**Extracted material:**
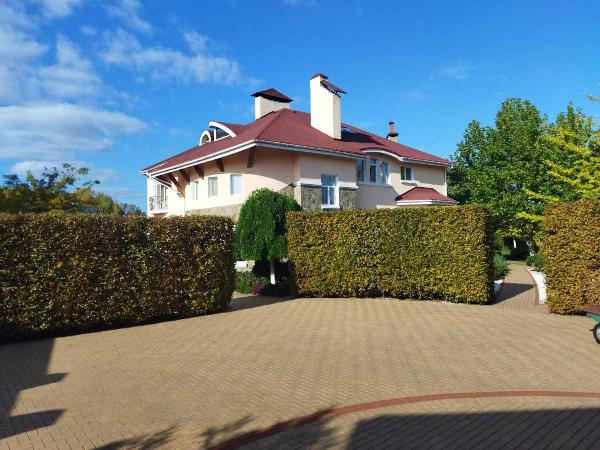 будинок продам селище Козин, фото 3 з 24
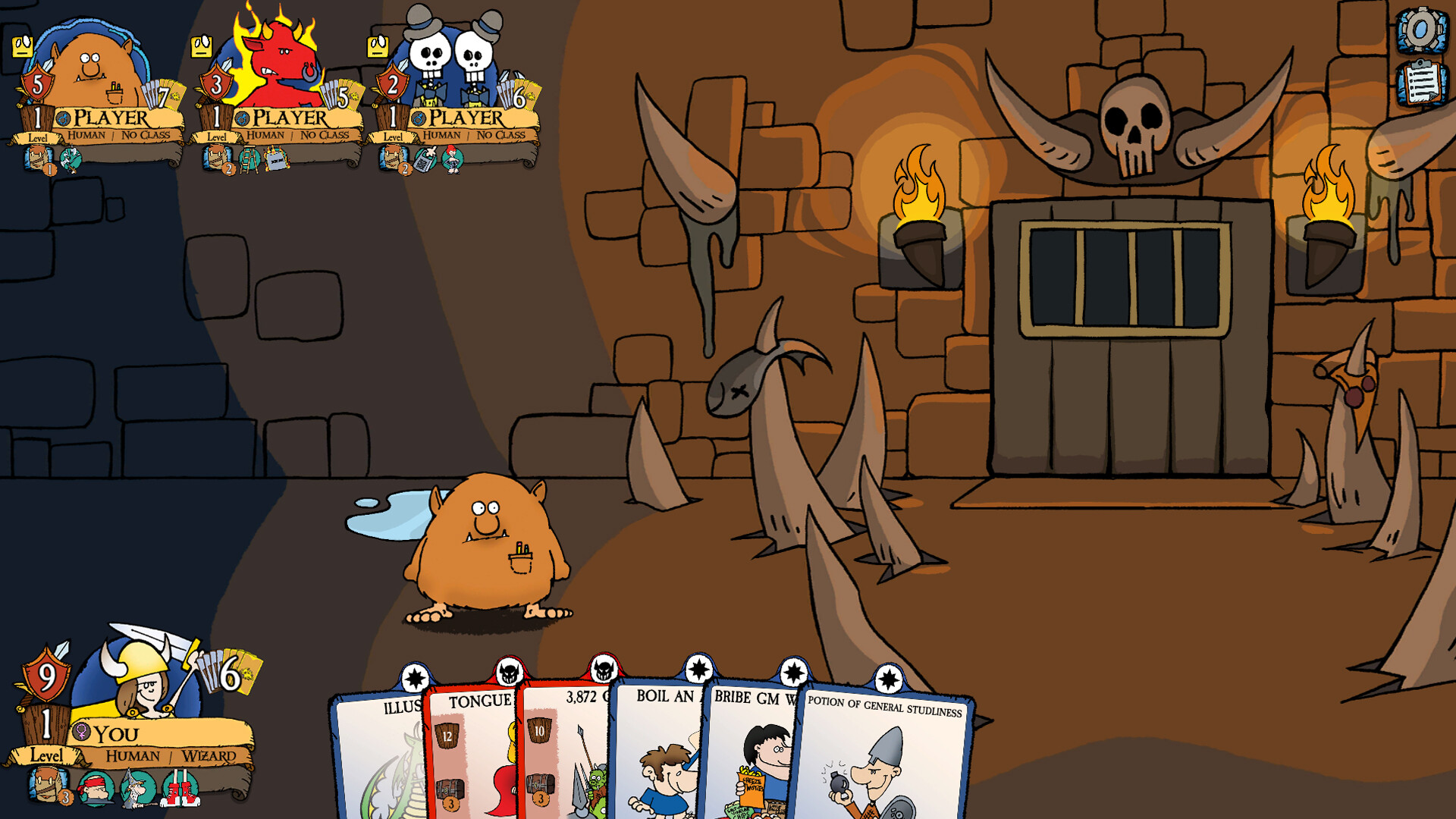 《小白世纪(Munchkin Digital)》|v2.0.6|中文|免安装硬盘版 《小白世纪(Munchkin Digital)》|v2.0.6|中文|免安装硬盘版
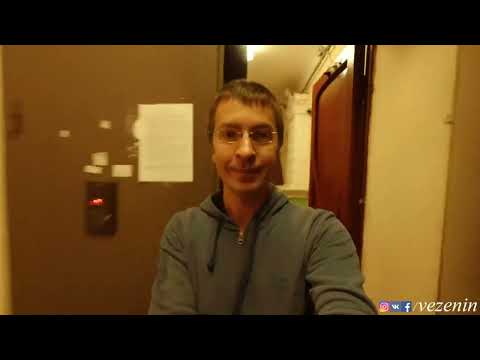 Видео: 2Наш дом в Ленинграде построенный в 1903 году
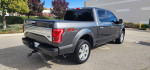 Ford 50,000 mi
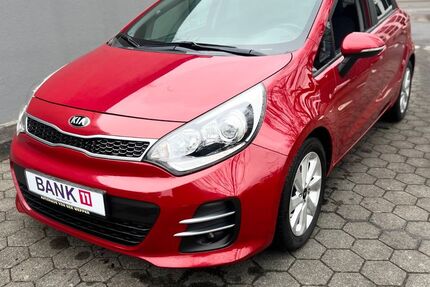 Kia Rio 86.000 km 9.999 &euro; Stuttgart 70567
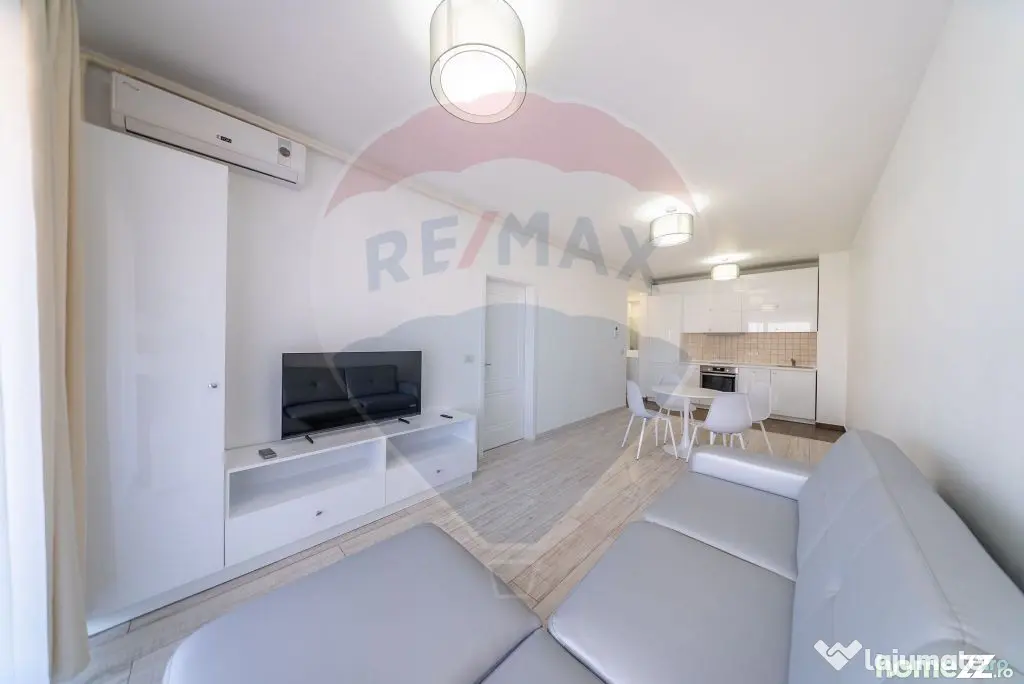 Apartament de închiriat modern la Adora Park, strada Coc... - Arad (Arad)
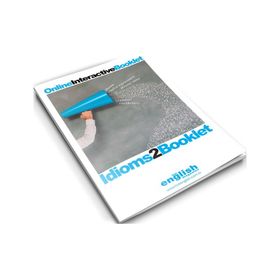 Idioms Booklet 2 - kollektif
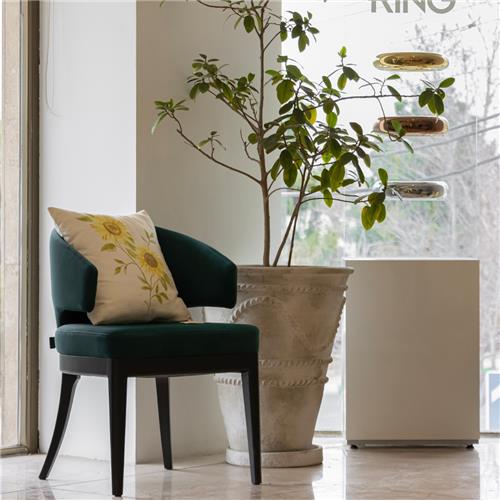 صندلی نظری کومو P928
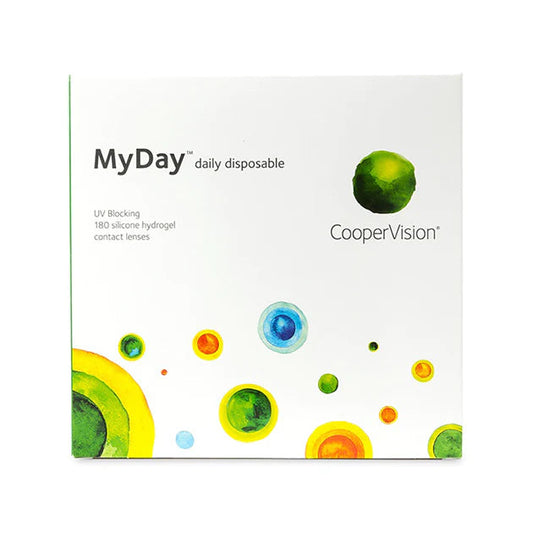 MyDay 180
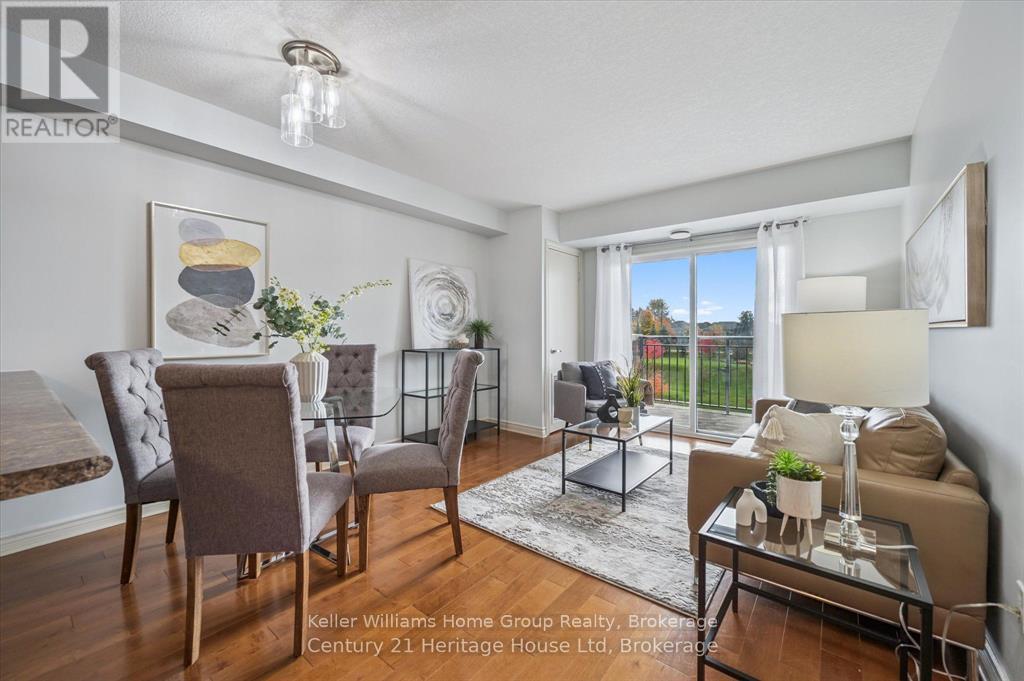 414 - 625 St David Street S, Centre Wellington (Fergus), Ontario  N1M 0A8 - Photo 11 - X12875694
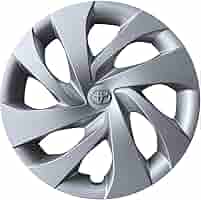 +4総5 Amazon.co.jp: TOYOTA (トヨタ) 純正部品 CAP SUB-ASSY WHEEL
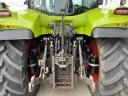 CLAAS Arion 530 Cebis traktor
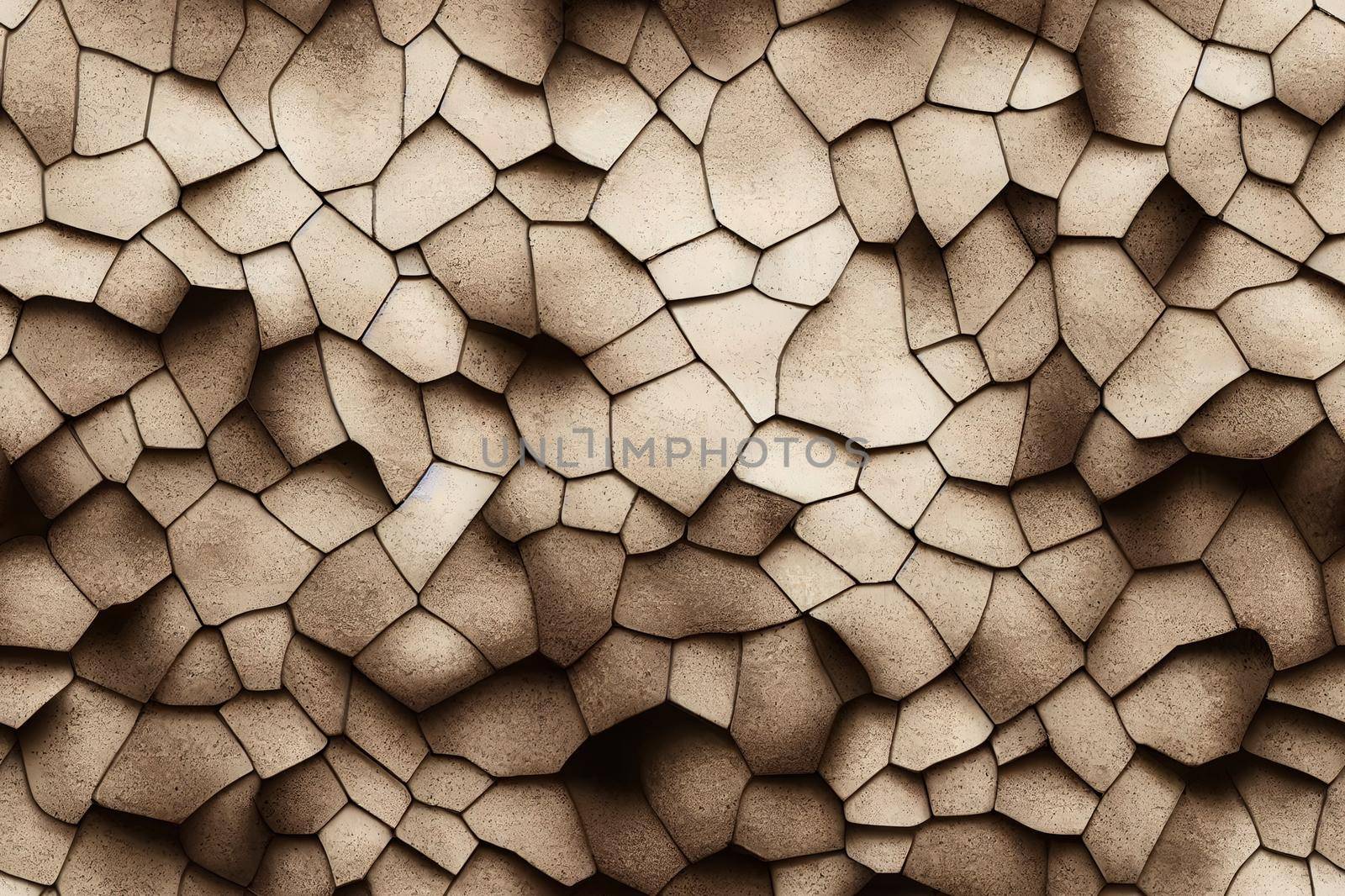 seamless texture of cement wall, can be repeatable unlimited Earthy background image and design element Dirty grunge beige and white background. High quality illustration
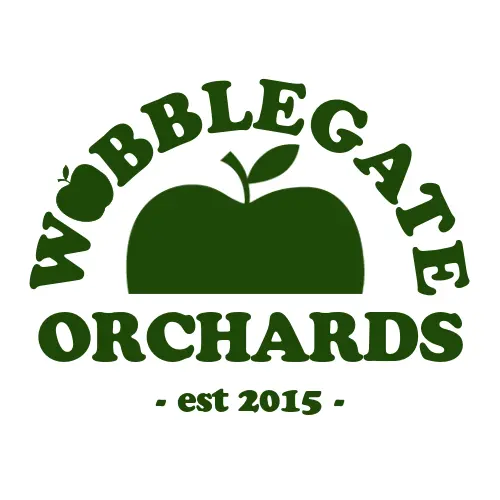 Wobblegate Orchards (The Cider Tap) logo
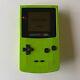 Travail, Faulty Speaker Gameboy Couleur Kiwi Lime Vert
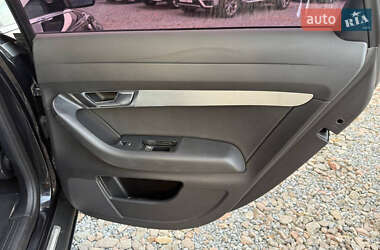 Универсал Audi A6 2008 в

**What to do:** Starting at the first line of the records above, set down each line exactly through the one that holds "CAP SUB-ASSY WHEEL". Omit pictures.

**Answer to this task:**
 будинок продам селище Козин, фото 3 з 24
 《小白世纪(Munchkin Digital)》|v2.0.6|中文|免安装硬盘版 《小白世纪(Munchkin Digital)》|v2.0.6|中文|免安装硬盘版
 Видео: 2Наш дом в Ленинграде построенный в 1903 году
 Ford 50,000 mi
 Kia Rio 86.000 km 9.999 &euro; Stuttgart 70567
 Apartament de închiriat modern la Adora Park, strada Coc... - Arad (Arad)
 Idioms Booklet 2 - kollektif
 صندلی نظری کومو P928
 MyDay 180
 414 - 625 St David Street S, Centre Wellington (Fergus), Ontario  N1M 0A8 - Photo 11 - X12875694
 +4総5 Amazon.co.jp: TOYOTA (トヨタ) 純正部品 CAP SUB-ASSY WHEEL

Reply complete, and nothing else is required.